All this, when the grief of loss is mourned, accepted and fully experienced, will help fill life with new colors. After all, the main assistant is time.
Depression.
Gradually, aggression, having exhausted the body, subsides and the person falls into deep depression. Acute mental pain occurs, which also causes physical suffering. A person can no longer fully take care of himself, so his health may deteriorate. Despair appears, a feeling of the meaninglessness of what is happening around, loneliness. It seems that there is nothing special to live for. There is a constant desire to be alone. Interest in life is lost, and it is replaced by irritability, anxiety, and depression. Memory helpfully forgets all unpleasant moments, idealizing the past. There is an understanding of how a person was happy before, but did not understand it and did not appreciate it. This will never happen again in life. Unfinished business together and unfulfilled plans can also remind you of loss. Being present in the present, a person seems to distance himself from it, it literally passes by, and he remains in some other time. This stage is the stage of despair. Our colorful world is becoming black and white. It seems that from now on everything will only get worse, and there is no way to change it for the better. A person may begin to fear that he will never be able to leave the area of mental pain. He sees that those around him have become uncomfortable communicating with him, and this further depresses him. There are no forces and decisions are made from this position. The saving grace is the transition to the last stage.

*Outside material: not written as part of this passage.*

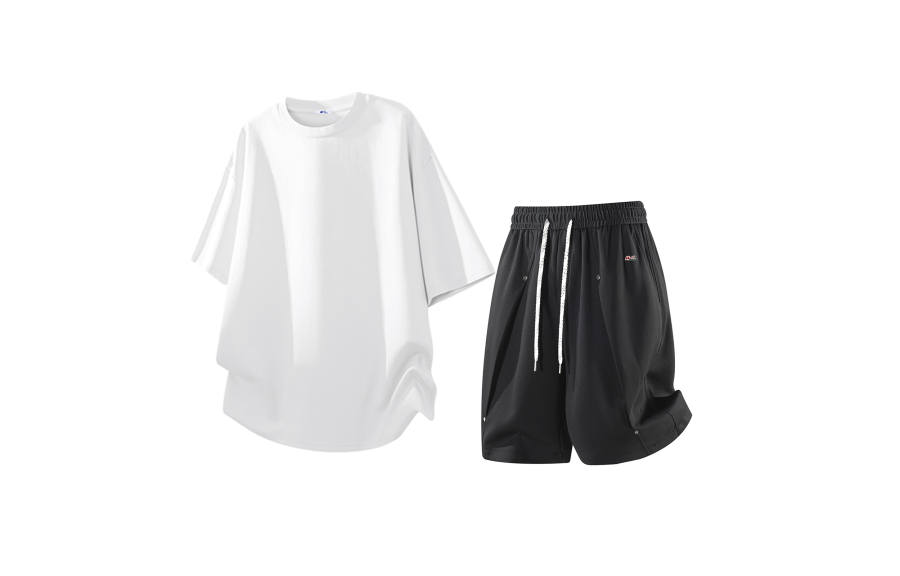 WARRIOR Warrior Casual Sportswear Unisex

Help someone else cope with grief
Helping people survive a tragedy is not so easy, but it is possible. It is important to know how to help, what to do at each stage of grief. Without support and sympathy, it will be difficult for the grieving person to get through the dark period of life.

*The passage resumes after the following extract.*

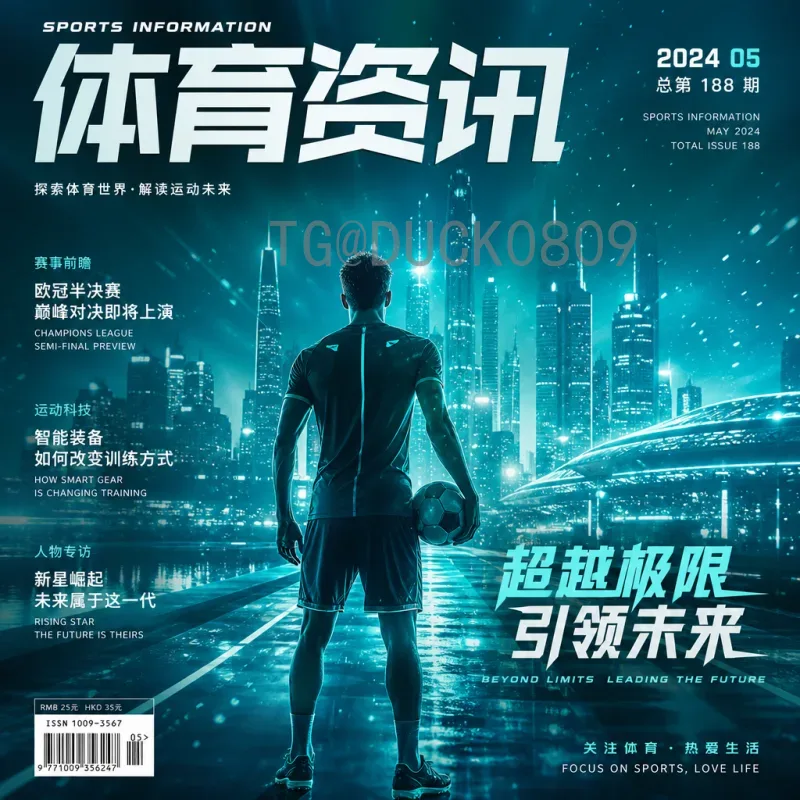 劳塔罗世界杯小组赛赛程全解析：阿根廷锋线尖刀的征程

- If you are delivering terrible news, be close to him. Don’t speak right away, prepare first. And don’t leave him alone with a sedative at the ready.

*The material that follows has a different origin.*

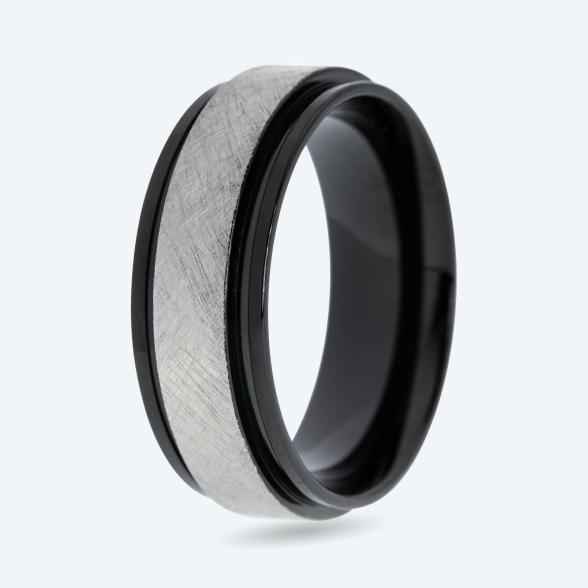 Ring Edelstahl 20 - 112532600001 - 1 - 588px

- Don't leave him if he wants to tell his friends and family this news.
- Provide assistance in organizing the funeral and everything connected with it.
- Help in going through all stages of grief, find sincere words, making it clear that the mourner is not alone and that a reliable shoulder is nearby.
- Don't pretend nothing happened. Just support - in word and deed.
- After a temporary period of relief, pain and sadness may return. Try to be around more often, if the person wants it, talk to him about something neutral or about the deceased, but don’t force him to say or do something against his will.
The main thing is to respect the mourner's right to all his reactions caused by death, even if he starts breaking dishes. You need to throw out your grief and cry!
Negation.
The stage of denial is characterized by disbelief in the reality of the loss that has occurred. The person refuses to believe what happened. It seems that this could not happen, or could, but not with him. There is bewilderment and confusion. A kind of numbness occurs. Consciousness rebels against this. It does not allow thoughts about the reality of the negative event that occurred, protecting the psyche from unbearable pain. It seems that life during this period is a bad dream. And as soon as you wake up, everything will be the same. Denial serves as a kind of protest. It is not a weakness and its existence is necessary. According to psychologists, it is even necessary to protect the wounded psyche. You can deny not only the problem itself, but also its significance, devaluing it. Denial can also be expressed in the fact that the person who has experienced grief seems to forget about it. There is no exact understanding of the situation.